- 2020.12.09
- インタビュー・対談
現代社会で求められる「スター」とは――『スター』(朝井 リョウ)
「オール讀物」編集部
Book Talk/最新作を語る
出典 : #オール讀物
ジャンル :
#エンタメ・ミステリ
映像業界に生きる二人の青年を描く
新人監督の登竜門となる映画祭でグランプリを大学生で受賞した二人の青年―大学卒業後、名監督への弟子入りをした尚吾と、YouTubeに活路を見出した紘を、ダブル主人公に据えた本作。冒頭は新聞に掲載された二人のインタビュー記事で始まる。それを、二人で訪れた映画館で久しぶりに見かけた紘は「古文書みたいになってんじゃん」と茶化す。新聞連載という形式にあわせた朝井さんならではの遊び心と、メディアに対する「意地悪心」がわかるシーンだ。

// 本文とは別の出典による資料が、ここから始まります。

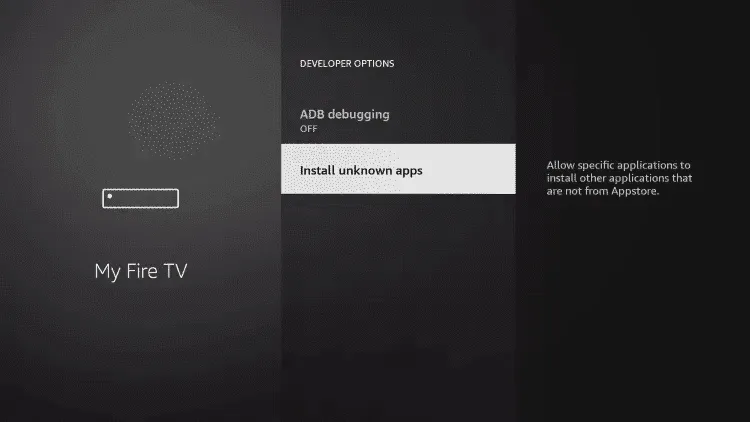 Install unknown apps sur Fire TV Stick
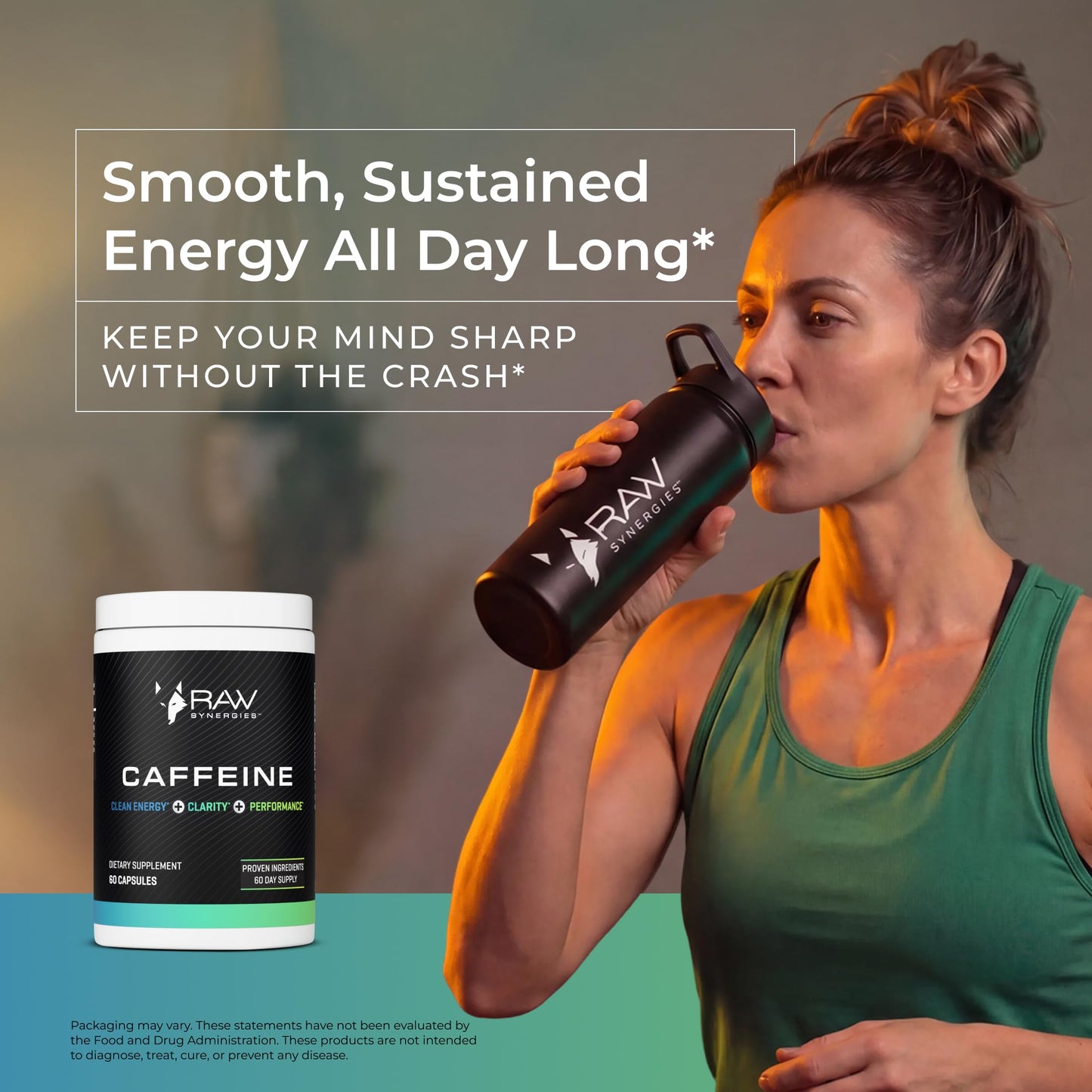 RAW Synergies Delayed Release Caffeine Capsules 60
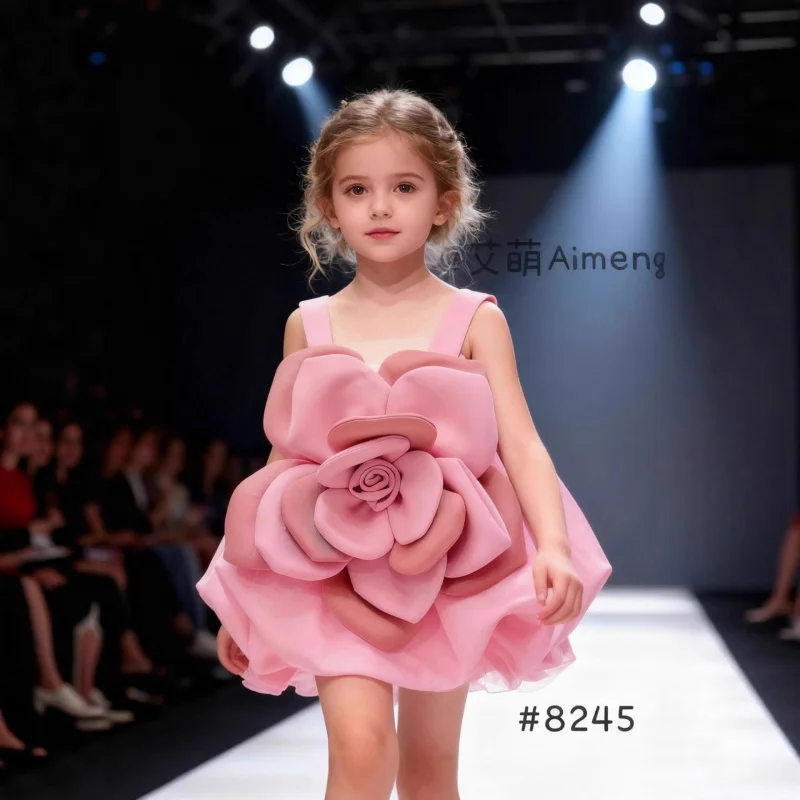 

insChildren's dress for girls, princess dress, pink floral birthday dress, little girl's flower girl dress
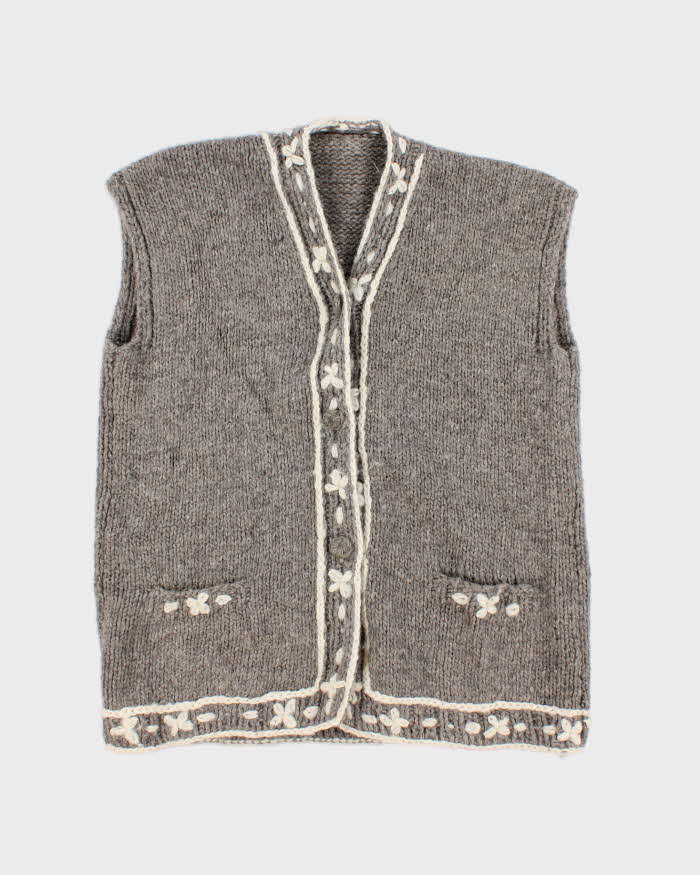 Vintage Handmade Knitted Cardigan Vest - L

「最初は、紘側の立場の人間が新しいやり方で成り上がるド直球エンタメを構想していたんです。でも、尚吾側、いわゆる古い価値観を悪いものだと断じたいわけでもないなと思い直し、読者が両方の立場を行き来しながら読み進められるようプロットを大きく修正しました。わたしは新しい時代を書く人と評していただけることがありますが、今の時代のアイテムや言葉を使って昔から変わらない普遍的なことを書き直しているだけだと再認識しました」
本作は作家生活十周年の記念作品。この十年間で最も変わったこととは。
「十キロ太ったことです。というのは半分冗談で、長期的な視野を持てるようになったことです。デビューして数年間は、間をあけず作品を書かなければ忘れられると焦っていました。でも、一緒に十年間書き続けてきた小説家仲間にしっかり十年分の読者がついているのを見て、書くことや読むことは点じゃなくて線なんだなとやっと感じられるようになりました。その影響か、今は、より文章自体の大切さを重視する気持ちが強くなっています」
デビュー当時から変わらない鮮烈で瑞々しい描写や会話文は、円熟味も加わり、より読みごたえを増している。
「今回は特に多いですが、会話文は最も気を遣う部分のひとつです。わたしにとって会話文は、辿り着いてほしい場所に単語単位で登場人物を運んでいく作業というか、情報を明かす順番を間違えられないパズルみたいなものなんです。いずれ書くだろう会話のシーンのために、それまでにこの人にはこういう経験をさせておこう、みたいにプロットにも大きく影響します。もしかするとそういうディテールを楽しんでいただく余裕はない時代かもしれないけれど、そこにこだわることはやめられないので、性癖なんだと思います」
同じ映像の世界でも、真逆の道を選んだ二人の立ち位置は、世間からの評価や業界の直面する状況の変化などで、互いに抜きつ抜かれつ、目まぐるしく変わる。現代の世界が求める「スター」とは何かを描いた渾身の一作だ。
あさいりょう 一九八九年、岐阜県生まれ。二〇〇九年『桐島、部活やめるってよ』で小説すばる新人賞、一三年『何者』で直木賞、一四年『世界地図の下書き』で坪田譲治文学賞受賞。